Account-level analytics show which companies engage with content, attend events, and interact with sales. Demandbase enriches CRM records with firmographic data and engagement scores. Integration with marketing automation systems triggers campaigns based on account activity.
Demandbase targets enterprise marketing teams with ABM programs and advertising budgets. You need integration with marketing automation and CRM systems for full functionality.
Key features:
Account identification from website visitor data
B2B advertising on LinkedIn, Google, and display networks
Website personalization based on account attributes
Account-level engagement tracking across channels
Intent data from third-party publisher networks
CRM enrichment with firmographic data
Marketing automation integration for campaign triggers
Analytics dashboards for account engagement and pipeline
Pros:
Strong account-level engagement tracking across advertising, web, and sales channels
B2B advertising activation on LinkedIn, Google, and display networks in one platform
Website personalization for known accounts improves conversion rates for high-value targets
Cons:
Custom enterprise pricing with limited public transparency
Requires integration with marketing automation and CRM for full value, standalone deployment limits the platform's effectiveness
Primarily marketing-team focused; sales teams get less direct value without tight CRM integration
Pricing: Custom enterprise pricing.
Demandbase
Conversation intelligence and analytics tools
11. Gong
Gong records and transcribes sales calls to analyze conversation patterns and deal risks. The platform identifies talk-time ratios, question frequency, competitor mentions, and next-step commitments. AI flags deals at risk based on buyer engagement signals and conversation sentiment.
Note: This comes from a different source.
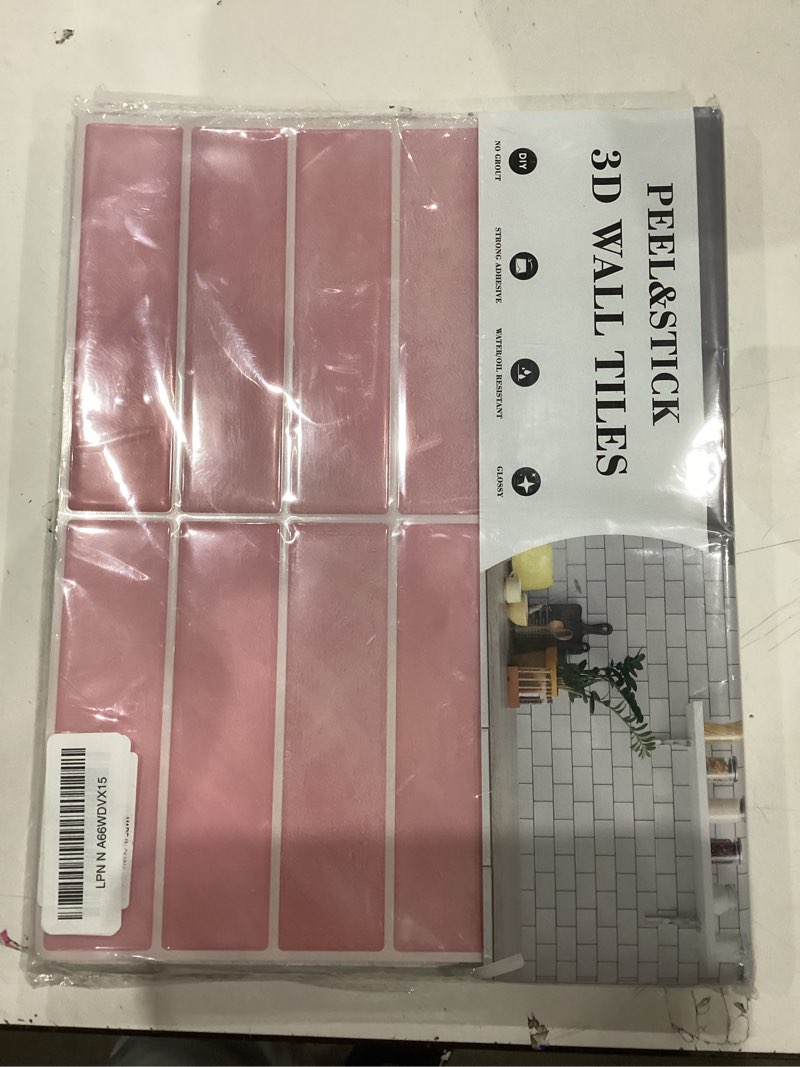 Condition photo showing New/Like New for Peel and Stick Backsplash 3D Wall Tiles,Self-Adhesive,Oil Proof,Waterproof, Removable Wall Panels for Kitchen & Bathroom,Modern Design, Easy Install (10.7ft?12x9 inch,14 Pack) (Pink)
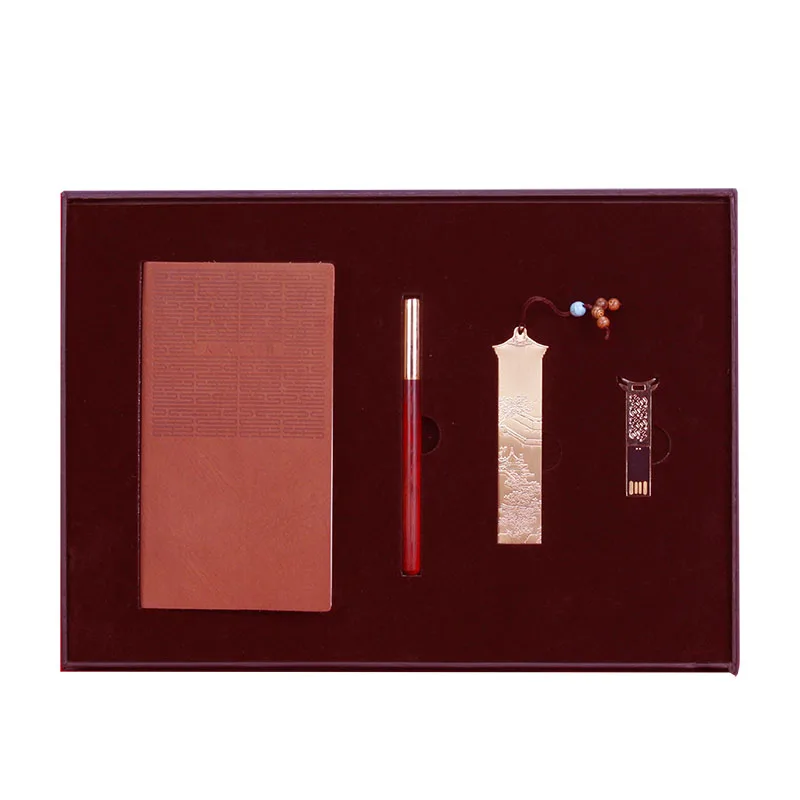Business Characteristic Redwood Handheld Gift Set of Four, Notepad, Signature Pen, USB Disk, Bookmarks new product ideas 2024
Coaching workflows let managers review calls, leave feedback, and track improvement over time. Gong analyzes winning deals to identify effective discovery questions and objection handling techniques. Integration with CRM systems correlates conversation data with deal outcomes.
Gong targets sales leadership and enablement teams focused on rep performance and deal execution. You need consistent call recording adoption to generate meaningful insights from the platform.
Key features:
Automatic call recording and transcription
Deal intelligence identifying risks and opportunities
Conversation analytics showing talk-time and question patterns
Competitor mention tracking across all calls
Coaching workflows with call review and feedback
Pipeline analytics correlating conversations with outcomes
CRM integration with Salesforce and HubSpot
Team performance dashboards for managers
Pros:
Best-in-class call recording and deal intelligence, the platform's core use case is deeply developed
Strong coaching workflows that let managers review calls, leave timestamped feedback, and track rep improvement over time
CRM correlation of conversation data with deal outcomes provides a feedback loop that improves forecasting accuracy
Cons:
Custom enterprise pricing
Requires consistent call recording adoption across the team, value degrades if reps opt out or recording coverage is inconsistent
Value depends on manager engagement with coaching workflows; teams without active coaching cultures underutilize the platform
Pricing: Custom enterprise pricing.
Gong
Workflow automation and integration tools
12. Zapier
Zapier provides no-code automation connecting business applications. You use trigger-action logic to move data between systems when specific events occur. Zapier automates GTM workflows like lead routing from forms to CRM, notification sending when deals close, and contact syncing between marketing and sales tools.
Multi-step workflows chain multiple actions together. Filter and formatter tools transform data between applications with different field structures. Pre-built templates cover common GTM use cases like Salesforce to Slack notifications or HubSpot to Google Sheets exports.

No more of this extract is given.